New York

Momix

Joyce Theater

Since the ’60s, anti-illusionism in its many forms has ruled contemporary dance, theatrical illusionism often being equated with cultural as well as philosophical deception. Of course it’s entirely logical that out of the current welter of kinesthetic truth-tellers would arise yet another restatement of illusion in movement. Moses Pendleton, a founder of the determinedly sleight-of-foot Pilobolus troupe, takes magic over the top in the choreography for his own company, Momix (company members are also credited as creators of individual pieces). Each of the 14 dances on Momix’s recent program (13 brief vignettes and one long work) hinged on a visual/prop trick. In one sense, the foolery worked as expected: when the conceit was a resonant one, the dance succeeded. When the given trick was negligible, however, the viewer was left with nothing to fall back on, and even clever, one-liner pieces of extreme brevity became irritating.

Elva, 1987, for example, is a three-minute vignette featuring an oversized, blue-suited dancer gyrating to Elvis Presley’s “Blue Suede Shoes”; a video monitor “head” on the figure shows a closeup of Pendleton mouthing the words to the song. After an initial half-laugh at the silliness of the image, there’s nothing to do but watch the tired notion play itself out. Pendleton’s all-or-nothing approach paid off when a work’s surprise factor contained less in-your-face wizardry and more realism. In Spawning, 1986, four women work out with four large balloons, riding them, folding themselves around them, and eventually, while lying flat on their backs, releasing them to soar upward. The work’s interest derives as much from the dancers’ efforts to cope with the inflated rubber objects as from its obvious birth allusions, a metaphor played out here in a surprisingly understated way.

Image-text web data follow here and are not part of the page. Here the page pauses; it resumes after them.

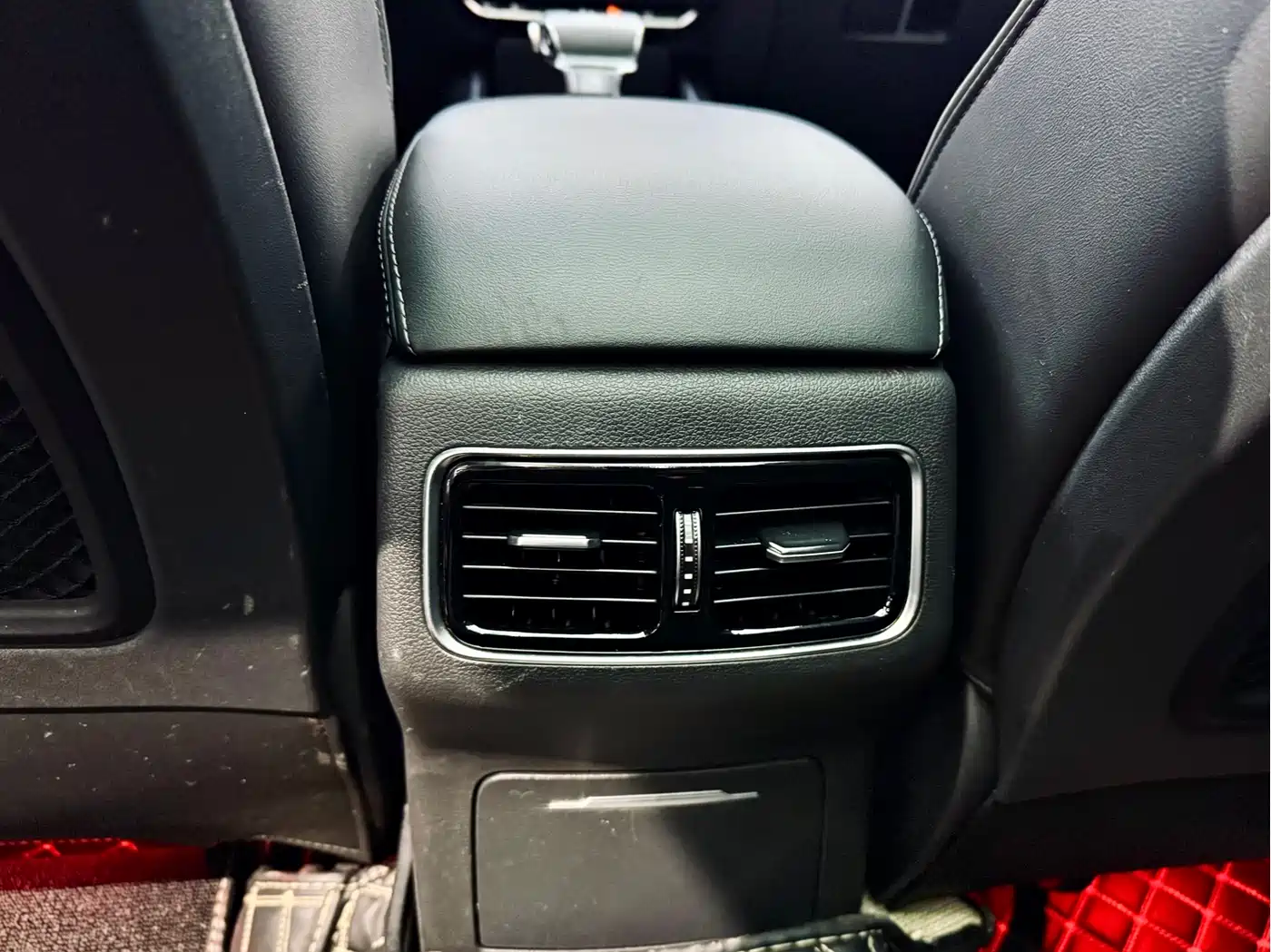 Hongqi HS5 2020 2019 2.0T Smart Connect Enjoy 4WD Edition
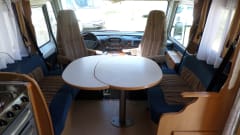 CAMPING CAR MERCEDES PILOT INTEGRAL BVA 4 PLACES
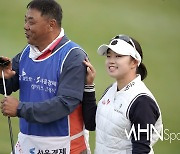 [Ms포토]임진영-이두호 '다음 홀에 버디 잡을게요'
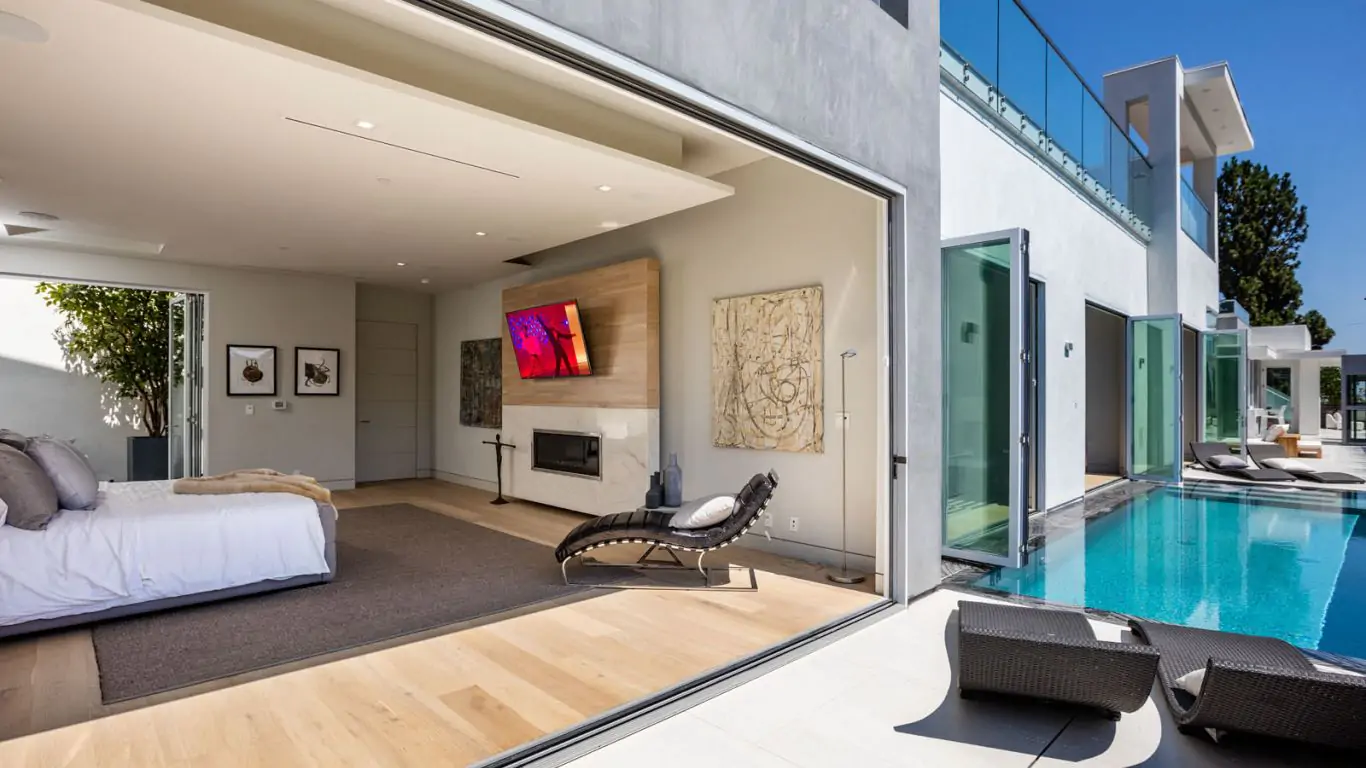 Villa Ninel | Los Angeles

Despite its conundrumlike title, the program’s premiere, Fantasy on a Variation on a Theme, 1989, displayed a different Momix. Relatively lengthy (a half-hour), with an unfolding narrative involving a priest, a woman in white, and a butterfly, and with its more conventional staging—the dance takes place behind a scrim on which slides are projected, and is set to Benjamin Britten’s neo-Mahlerian score—the piece added a dark undertone to Momix’s usually glib, zippy goings-on. Despite some choreographically irrelevant digressions and rather overworked symbolism (such as temptresses wearing long red gloves), the piece achieved an elegiac eloquence with its death-haunted imagery. The projections (by Pendleton and Neil Peter Jampolis) were echt 19th-century morbid: tombstones, flowers, eroded stone faces, leaded glass windows. Combined with the requiemlike stateliness of Britten’s music, the “props,” for once, pushed the piece toward an emotional reality that helped ground the dance’s considerable magic.